Does it deserve to?  About as much as The King’s Speech did last year. Which is not to say, by any means, that they’re the best pictures of their respective years.  The dedicated movie dork in me loves the audacity of conceiving and releasing a vintage-1920s movie in this Wide Wired World we live in now. But too many questions follow me out of the theater: What exactly was George Valentin’s problem with the talkies? Are we to assume he’s self-conscious about his voice? (His accent? Really? Garbo’s accent was thick as sausage gravy and she did just fine in the sound era.) Does the whole generation gap trope really jibe with what’s known or remembered about the transition to sound pictures? (Rhetorical question. Singin’ in the Rain remains your first & finest big-screen source for what that historical interlude felt like.) And, yeah, I guess the same movie dorkiness that piqued my curiosity about The Artist makes me wonder, along with small multitudes, why it was necessary to appropriate Bernard Herrmann for an emotional peak when the original score seemed to be doing just fine on its own. But not even Kim Novak’s plaints on Vertigo’s behalf will keep the Academy’s dorks and would-be dorks from embracing a movie that embraces them – or at least their most romantic ideas about themselves.

 With or without Oscar’s approbation, however, I suspect The Artist will have more people huffing and puffing in their seats, Not because it’s relatively minor (which compared to a half-dozen other 2011 movies, it is) or even slow, (which it is, in patches), but because we now have at least a couple generations of moviegoers who are conditioned to expect the pictures to do all their thinking for them. People have to work a little harder to acclimate themselves to a moving picture without sound and while that process may be a thing of joy to Dorks Like Me, it’s a trial for those whose biggest accomplishment last year was getting a bigger digital sound system for the home entertainment center.

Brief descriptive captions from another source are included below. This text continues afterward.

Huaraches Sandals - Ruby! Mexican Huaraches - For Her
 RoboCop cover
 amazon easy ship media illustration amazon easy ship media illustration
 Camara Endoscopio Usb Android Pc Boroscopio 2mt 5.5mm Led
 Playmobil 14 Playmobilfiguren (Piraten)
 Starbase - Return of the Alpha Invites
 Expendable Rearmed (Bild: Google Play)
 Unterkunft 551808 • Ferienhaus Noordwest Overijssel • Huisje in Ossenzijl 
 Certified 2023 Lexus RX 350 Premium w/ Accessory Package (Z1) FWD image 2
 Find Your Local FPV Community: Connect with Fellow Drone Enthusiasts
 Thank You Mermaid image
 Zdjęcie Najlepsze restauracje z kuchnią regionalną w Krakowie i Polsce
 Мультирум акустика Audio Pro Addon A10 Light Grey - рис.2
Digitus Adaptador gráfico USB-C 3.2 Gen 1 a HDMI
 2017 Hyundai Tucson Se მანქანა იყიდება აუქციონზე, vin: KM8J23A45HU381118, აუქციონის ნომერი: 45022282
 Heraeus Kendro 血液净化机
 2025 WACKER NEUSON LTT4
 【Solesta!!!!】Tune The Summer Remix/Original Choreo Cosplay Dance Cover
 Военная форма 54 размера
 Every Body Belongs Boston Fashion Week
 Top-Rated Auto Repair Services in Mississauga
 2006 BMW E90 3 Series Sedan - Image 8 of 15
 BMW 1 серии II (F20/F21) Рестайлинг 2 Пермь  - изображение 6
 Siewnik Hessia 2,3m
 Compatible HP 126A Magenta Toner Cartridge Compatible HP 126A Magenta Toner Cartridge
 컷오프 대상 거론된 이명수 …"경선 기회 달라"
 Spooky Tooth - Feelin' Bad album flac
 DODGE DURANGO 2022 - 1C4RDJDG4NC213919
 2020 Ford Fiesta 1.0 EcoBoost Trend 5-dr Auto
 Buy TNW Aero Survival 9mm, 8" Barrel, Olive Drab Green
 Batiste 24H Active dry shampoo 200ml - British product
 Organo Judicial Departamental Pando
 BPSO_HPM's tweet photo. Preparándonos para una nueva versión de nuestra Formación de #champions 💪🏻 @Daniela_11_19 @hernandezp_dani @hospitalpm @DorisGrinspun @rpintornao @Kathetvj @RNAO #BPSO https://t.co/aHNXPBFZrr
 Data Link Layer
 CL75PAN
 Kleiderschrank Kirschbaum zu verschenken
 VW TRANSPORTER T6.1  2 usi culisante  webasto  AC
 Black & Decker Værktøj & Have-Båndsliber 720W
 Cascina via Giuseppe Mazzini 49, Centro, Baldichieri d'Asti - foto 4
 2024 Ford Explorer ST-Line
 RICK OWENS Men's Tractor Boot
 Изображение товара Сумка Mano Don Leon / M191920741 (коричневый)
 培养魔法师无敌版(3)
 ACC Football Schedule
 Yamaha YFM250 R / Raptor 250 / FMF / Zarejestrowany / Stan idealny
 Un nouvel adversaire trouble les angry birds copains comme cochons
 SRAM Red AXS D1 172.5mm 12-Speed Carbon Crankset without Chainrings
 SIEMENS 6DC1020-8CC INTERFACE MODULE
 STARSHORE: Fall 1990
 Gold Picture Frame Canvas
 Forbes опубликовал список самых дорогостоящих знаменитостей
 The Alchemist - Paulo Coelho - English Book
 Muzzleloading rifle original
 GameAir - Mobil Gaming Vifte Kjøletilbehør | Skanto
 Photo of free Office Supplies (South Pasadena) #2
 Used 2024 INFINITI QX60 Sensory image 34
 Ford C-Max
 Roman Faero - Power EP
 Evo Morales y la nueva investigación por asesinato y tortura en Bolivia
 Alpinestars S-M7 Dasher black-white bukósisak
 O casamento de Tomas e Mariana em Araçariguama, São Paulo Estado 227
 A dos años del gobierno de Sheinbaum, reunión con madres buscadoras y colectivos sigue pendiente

 Maybe if The Artist had taken off some of its sweetness and replaced it with more cinematic magic, it would have rewired audience’s expectations for film so much that they would have been inspired to seek out the masterworks of Chaplin, Keaton and Lloyd. (Just saw the latter’s Safety Last again. There’s a lot more to that movie than a man hanging off a clock’s arm.) An Oscar sweep may still do the job, but I doubt it. Just as I wonder whether anyone will even try to make a cerebral spy thriller after Tinker, Tailor, Soldier, Spy, which has collected a few Oscar nominations of its own, but from what I’ve seen and heard, bewildered and even angered audiences for its relative lack of distracting mayhem. (On its opening day in New York, I witnessed the abrupt, mid-movie departures of not one, not two, but three couples.) You want more explosions and tortures, fine. I’ll settle for that glorious moment when Gary Oldman’s George Smiley is sitting placidly in a car as its other occupants desperately try to smash a fly. All he does, impassive expression intact, is open a window and let the fly out. To me, THAT is movie magic. But then, Smiley’s a dork. And so am I.